Surnommé le « Galápagos de la Russie », le lac Baïkal renferme une biodiversité remarquable grâce à sa son isolement géographique, son âge et son microclimat. La plupart des espèces sont endémiques.
La pureté du lac Baïkal
Le lac a des propriétés remarquables qui rendent son eau très pure. On y trouve une espèce de zooplancton, l’écrevisse Epishura baicalensis, qui nettoie les eaux et maintient la pureté de l’eau. De plus, le dépôt minéral y est 25 à 50 % plus faible que dans les autres lacs d’eau douce dans le monde.
De plus, les roches qui tapissent la dépression du Baïkal réduisent les interactions chimiques ou minérales avec l’eau. Ainsi, à la saison estivale, la colonne d’eau peut-être transparente jusqu’à 40 mètres de profondeur.
Les eaux du lac sont constamment brassées. Des colonnes d’eau froide descendent dans les profondeurs du lac et se mélangent avec les vapeurs chaudes des résurgences hydrothermales. Ce mélange régulier des eaux est propice au développement de petits organismes vivants, à la base de la chaîne alimentaire.
Le lac Baïkal : une zone préservée mais en péril
Bien que le bassin soit préservé au sein de réserves naturelles et de parcs nationaux, le lac doit faire face à de nombreuses menaces qui mettent en péril son intégrité et sa biodiversité.
En effet, autour du lac se sont installées de nombreuses villes et des zones industrielles.
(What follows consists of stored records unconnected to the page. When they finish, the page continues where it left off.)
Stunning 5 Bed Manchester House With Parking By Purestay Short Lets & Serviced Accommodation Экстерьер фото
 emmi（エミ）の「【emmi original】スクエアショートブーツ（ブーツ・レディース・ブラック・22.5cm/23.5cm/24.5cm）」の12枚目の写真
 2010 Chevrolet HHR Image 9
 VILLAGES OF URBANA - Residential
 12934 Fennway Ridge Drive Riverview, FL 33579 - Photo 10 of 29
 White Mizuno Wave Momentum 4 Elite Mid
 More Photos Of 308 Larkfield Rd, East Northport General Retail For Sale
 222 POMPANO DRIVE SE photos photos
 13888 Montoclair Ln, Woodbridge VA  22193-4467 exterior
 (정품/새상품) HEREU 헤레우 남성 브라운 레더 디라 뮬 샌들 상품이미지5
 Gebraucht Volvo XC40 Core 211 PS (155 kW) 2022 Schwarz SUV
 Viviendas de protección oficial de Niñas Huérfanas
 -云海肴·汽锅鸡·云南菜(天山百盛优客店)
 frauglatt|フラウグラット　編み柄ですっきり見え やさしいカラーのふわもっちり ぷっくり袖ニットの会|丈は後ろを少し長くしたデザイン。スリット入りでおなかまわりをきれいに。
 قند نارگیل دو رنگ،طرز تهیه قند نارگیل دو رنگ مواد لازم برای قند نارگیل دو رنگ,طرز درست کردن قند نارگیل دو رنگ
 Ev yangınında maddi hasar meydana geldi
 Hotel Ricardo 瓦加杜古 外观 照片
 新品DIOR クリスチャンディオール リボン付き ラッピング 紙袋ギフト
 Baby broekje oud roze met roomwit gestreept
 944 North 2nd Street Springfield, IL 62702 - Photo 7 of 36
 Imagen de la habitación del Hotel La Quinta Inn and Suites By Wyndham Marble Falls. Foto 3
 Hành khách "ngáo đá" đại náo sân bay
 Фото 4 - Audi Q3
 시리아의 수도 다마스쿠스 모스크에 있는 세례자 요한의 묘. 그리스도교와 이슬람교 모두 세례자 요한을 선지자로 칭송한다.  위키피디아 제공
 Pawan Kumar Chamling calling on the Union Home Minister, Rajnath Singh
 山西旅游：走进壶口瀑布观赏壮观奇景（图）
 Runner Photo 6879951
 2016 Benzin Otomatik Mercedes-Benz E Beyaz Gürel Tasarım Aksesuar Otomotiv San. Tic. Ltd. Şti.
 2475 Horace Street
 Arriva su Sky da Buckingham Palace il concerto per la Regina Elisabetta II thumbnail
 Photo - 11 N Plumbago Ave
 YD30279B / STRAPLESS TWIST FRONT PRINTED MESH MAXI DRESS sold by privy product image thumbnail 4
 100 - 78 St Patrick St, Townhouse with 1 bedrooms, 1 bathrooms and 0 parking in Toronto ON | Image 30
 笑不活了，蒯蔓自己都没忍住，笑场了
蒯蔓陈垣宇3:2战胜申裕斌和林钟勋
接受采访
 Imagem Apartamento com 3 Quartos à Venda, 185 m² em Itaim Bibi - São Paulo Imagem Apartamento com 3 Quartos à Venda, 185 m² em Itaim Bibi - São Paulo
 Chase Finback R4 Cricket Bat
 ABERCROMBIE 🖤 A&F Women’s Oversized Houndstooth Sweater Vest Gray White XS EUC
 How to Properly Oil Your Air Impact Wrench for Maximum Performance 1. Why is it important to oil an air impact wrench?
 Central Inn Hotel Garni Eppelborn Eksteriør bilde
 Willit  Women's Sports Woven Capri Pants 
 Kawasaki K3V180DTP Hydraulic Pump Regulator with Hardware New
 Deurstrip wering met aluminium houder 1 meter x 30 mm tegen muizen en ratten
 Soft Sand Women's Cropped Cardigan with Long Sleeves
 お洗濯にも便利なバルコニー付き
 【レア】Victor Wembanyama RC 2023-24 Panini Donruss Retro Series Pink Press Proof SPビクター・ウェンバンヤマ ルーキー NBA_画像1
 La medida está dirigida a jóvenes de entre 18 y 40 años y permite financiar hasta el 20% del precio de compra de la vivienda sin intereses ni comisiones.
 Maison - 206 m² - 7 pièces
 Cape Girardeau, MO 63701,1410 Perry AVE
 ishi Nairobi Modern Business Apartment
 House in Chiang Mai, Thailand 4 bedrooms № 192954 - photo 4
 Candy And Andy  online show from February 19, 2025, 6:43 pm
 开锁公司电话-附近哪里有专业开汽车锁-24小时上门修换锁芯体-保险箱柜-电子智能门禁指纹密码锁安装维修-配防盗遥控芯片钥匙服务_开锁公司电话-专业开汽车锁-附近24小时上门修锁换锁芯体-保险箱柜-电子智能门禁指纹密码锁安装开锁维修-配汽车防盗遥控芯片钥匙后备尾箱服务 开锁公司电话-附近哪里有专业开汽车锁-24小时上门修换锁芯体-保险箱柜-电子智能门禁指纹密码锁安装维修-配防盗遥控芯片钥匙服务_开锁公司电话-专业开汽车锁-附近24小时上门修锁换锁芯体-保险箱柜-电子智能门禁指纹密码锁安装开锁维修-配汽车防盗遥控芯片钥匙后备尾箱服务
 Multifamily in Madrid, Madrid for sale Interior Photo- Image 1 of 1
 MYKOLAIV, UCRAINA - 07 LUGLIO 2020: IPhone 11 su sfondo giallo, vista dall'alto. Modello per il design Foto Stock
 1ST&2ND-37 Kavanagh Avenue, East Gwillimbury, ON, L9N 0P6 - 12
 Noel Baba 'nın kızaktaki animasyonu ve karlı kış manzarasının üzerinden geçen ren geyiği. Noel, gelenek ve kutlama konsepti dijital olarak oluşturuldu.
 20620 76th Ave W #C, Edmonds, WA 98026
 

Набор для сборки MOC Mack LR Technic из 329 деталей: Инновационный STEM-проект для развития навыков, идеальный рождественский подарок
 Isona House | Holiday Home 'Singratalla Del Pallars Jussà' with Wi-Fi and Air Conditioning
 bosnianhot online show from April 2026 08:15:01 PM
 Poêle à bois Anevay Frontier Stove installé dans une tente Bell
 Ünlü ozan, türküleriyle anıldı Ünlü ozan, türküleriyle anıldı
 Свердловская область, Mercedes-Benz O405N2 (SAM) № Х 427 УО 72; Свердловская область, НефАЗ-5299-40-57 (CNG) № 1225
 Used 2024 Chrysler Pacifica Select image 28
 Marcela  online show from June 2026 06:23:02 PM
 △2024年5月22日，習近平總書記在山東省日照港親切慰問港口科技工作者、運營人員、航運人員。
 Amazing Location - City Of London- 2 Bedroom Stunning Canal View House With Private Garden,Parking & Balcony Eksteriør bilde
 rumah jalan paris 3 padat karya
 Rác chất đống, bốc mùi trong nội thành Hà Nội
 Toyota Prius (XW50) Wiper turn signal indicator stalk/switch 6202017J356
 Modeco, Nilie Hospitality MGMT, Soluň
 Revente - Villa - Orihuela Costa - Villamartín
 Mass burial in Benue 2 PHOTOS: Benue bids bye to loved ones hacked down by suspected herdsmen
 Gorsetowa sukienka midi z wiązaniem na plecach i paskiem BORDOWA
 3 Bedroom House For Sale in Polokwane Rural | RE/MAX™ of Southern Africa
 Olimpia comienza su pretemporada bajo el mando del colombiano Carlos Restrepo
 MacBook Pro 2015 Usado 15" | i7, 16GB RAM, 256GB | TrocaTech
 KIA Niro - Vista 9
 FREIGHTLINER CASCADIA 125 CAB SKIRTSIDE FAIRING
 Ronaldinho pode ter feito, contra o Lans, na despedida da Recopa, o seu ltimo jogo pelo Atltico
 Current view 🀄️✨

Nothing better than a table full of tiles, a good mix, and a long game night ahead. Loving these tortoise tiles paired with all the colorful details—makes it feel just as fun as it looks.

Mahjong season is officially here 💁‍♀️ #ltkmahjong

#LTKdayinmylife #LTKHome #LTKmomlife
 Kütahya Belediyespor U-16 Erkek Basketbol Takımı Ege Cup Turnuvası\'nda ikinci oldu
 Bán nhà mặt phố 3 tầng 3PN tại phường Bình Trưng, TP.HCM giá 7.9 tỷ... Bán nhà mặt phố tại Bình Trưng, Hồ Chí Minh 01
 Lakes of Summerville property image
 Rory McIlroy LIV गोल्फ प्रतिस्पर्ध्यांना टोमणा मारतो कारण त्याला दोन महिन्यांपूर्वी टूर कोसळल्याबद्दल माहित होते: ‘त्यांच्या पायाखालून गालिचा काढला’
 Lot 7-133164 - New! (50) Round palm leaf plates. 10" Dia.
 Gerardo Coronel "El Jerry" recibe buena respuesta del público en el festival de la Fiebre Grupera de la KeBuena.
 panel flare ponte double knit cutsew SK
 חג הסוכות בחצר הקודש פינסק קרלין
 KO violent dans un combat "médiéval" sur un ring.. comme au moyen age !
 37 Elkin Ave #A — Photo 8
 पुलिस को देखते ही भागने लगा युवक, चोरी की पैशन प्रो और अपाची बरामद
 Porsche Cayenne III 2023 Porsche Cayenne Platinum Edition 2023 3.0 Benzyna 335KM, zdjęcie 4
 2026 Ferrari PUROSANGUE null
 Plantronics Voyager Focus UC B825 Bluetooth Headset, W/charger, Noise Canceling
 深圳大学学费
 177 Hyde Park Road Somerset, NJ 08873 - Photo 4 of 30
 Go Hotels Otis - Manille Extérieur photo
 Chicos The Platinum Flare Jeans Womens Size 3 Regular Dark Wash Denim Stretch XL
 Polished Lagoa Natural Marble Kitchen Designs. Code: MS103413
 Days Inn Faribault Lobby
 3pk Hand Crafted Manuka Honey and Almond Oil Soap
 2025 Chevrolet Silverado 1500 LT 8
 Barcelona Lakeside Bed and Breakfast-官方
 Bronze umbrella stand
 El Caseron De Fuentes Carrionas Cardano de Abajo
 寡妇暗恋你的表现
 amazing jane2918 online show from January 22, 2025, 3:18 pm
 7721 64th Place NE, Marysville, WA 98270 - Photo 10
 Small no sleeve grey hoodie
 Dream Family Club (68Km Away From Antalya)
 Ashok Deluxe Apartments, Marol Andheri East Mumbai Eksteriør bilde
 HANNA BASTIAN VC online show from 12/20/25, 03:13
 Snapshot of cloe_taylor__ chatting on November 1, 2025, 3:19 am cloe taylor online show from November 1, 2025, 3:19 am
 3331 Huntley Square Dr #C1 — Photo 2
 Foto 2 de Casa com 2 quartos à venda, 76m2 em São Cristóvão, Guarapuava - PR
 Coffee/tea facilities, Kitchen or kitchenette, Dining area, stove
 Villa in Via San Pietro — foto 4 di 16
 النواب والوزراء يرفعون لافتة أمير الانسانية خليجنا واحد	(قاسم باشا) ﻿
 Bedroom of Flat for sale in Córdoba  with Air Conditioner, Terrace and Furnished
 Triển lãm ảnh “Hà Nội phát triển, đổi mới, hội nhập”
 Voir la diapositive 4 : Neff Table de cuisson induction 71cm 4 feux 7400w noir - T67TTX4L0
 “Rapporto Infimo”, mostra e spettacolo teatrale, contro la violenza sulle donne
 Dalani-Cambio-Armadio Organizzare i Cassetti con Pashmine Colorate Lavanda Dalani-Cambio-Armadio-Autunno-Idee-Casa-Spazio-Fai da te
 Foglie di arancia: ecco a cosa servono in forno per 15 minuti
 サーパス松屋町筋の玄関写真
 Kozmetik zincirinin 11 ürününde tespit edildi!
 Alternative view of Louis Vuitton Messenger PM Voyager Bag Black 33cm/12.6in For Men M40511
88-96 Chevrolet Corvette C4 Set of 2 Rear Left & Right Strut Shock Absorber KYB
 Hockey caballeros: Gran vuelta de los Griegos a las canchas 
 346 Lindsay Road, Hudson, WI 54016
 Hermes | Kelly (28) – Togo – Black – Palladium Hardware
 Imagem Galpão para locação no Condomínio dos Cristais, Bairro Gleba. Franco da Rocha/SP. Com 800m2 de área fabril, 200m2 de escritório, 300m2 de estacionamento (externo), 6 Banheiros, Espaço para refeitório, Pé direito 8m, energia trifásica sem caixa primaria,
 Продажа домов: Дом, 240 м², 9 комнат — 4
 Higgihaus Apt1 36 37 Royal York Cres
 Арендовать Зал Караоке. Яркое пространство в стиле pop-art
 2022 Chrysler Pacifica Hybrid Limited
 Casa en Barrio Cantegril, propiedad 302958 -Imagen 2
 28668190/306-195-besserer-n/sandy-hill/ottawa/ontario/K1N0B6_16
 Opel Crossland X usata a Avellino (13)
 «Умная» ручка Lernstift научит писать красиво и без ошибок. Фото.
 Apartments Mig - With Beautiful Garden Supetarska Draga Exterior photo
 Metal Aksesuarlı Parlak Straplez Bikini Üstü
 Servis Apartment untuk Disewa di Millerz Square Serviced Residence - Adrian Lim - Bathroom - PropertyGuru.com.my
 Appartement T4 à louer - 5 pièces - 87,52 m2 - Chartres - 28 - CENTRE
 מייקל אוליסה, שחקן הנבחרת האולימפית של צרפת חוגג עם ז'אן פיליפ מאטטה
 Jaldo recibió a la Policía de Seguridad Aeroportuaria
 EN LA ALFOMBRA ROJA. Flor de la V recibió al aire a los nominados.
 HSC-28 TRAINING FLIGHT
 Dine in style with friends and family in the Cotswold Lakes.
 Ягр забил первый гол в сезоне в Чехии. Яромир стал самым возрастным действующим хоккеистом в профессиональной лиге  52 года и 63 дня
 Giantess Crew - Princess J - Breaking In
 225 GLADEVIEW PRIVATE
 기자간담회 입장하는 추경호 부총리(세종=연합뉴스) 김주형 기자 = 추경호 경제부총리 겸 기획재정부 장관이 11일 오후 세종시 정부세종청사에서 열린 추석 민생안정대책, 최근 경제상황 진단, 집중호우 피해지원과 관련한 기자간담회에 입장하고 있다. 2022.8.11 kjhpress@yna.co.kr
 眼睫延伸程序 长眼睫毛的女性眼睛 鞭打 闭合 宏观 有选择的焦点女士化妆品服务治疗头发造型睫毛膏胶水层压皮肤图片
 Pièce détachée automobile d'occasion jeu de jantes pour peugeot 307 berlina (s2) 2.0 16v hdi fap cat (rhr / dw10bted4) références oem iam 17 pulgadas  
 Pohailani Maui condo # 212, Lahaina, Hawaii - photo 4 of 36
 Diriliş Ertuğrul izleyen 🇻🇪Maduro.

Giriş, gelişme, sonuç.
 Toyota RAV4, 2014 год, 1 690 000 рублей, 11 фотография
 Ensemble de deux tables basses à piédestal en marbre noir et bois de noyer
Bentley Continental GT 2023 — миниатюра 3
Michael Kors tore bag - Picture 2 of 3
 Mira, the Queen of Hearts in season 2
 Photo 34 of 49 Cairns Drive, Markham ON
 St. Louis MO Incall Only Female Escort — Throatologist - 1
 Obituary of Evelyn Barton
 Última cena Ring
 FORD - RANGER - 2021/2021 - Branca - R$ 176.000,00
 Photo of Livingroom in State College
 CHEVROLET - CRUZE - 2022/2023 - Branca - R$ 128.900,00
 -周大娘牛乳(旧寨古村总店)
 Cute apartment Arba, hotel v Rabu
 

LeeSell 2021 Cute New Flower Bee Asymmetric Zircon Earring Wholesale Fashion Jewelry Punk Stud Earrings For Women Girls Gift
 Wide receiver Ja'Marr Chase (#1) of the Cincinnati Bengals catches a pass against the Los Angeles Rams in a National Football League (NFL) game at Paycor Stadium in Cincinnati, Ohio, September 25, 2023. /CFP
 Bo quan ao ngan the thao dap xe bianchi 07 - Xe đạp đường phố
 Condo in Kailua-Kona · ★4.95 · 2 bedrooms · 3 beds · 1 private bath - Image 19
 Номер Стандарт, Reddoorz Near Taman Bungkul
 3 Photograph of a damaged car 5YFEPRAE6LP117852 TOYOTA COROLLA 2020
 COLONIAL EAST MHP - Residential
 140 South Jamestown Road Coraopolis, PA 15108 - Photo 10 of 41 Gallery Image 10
Aujourd’hui, environ 2,5 millions d’habitants occupent ses rives. Le ruissellement des eaux usées d’origine agricole ainsi que le déversement de déchets industriels affectent déjà la composition de l’eau. Avec pour conséquence de modifier les apports sédimentaires, les flux hydrauliques et créer une pollution des eaux du lac. L’expansion du tourisme, la surpêche ou encore les activités forestières viennent compléter le tableau des menaces. Toutefois, le lac conserve son bon état, grâce à deux facteurs : ses facultés d’assimilation et de régénération ainsi que son environnement naturel protégé.
Le lac Baïkal est le bassin des superlatifs : à la fois le plus ancien, le plus profond, et le plus pur, ainsi que la plus grande réserve d’eau douce de la planète. La variété de sa biodiversité et son histoire géologique lui ont valu d’être inscrit, dès 1996, au Patrimoine Mondial de l’UNESCO, ce qui assure sa protection. Pour l’ensemble de ces raisons, le lac Baïkal présente un intérêt scientifique pour les sciences géologiques et du vivant.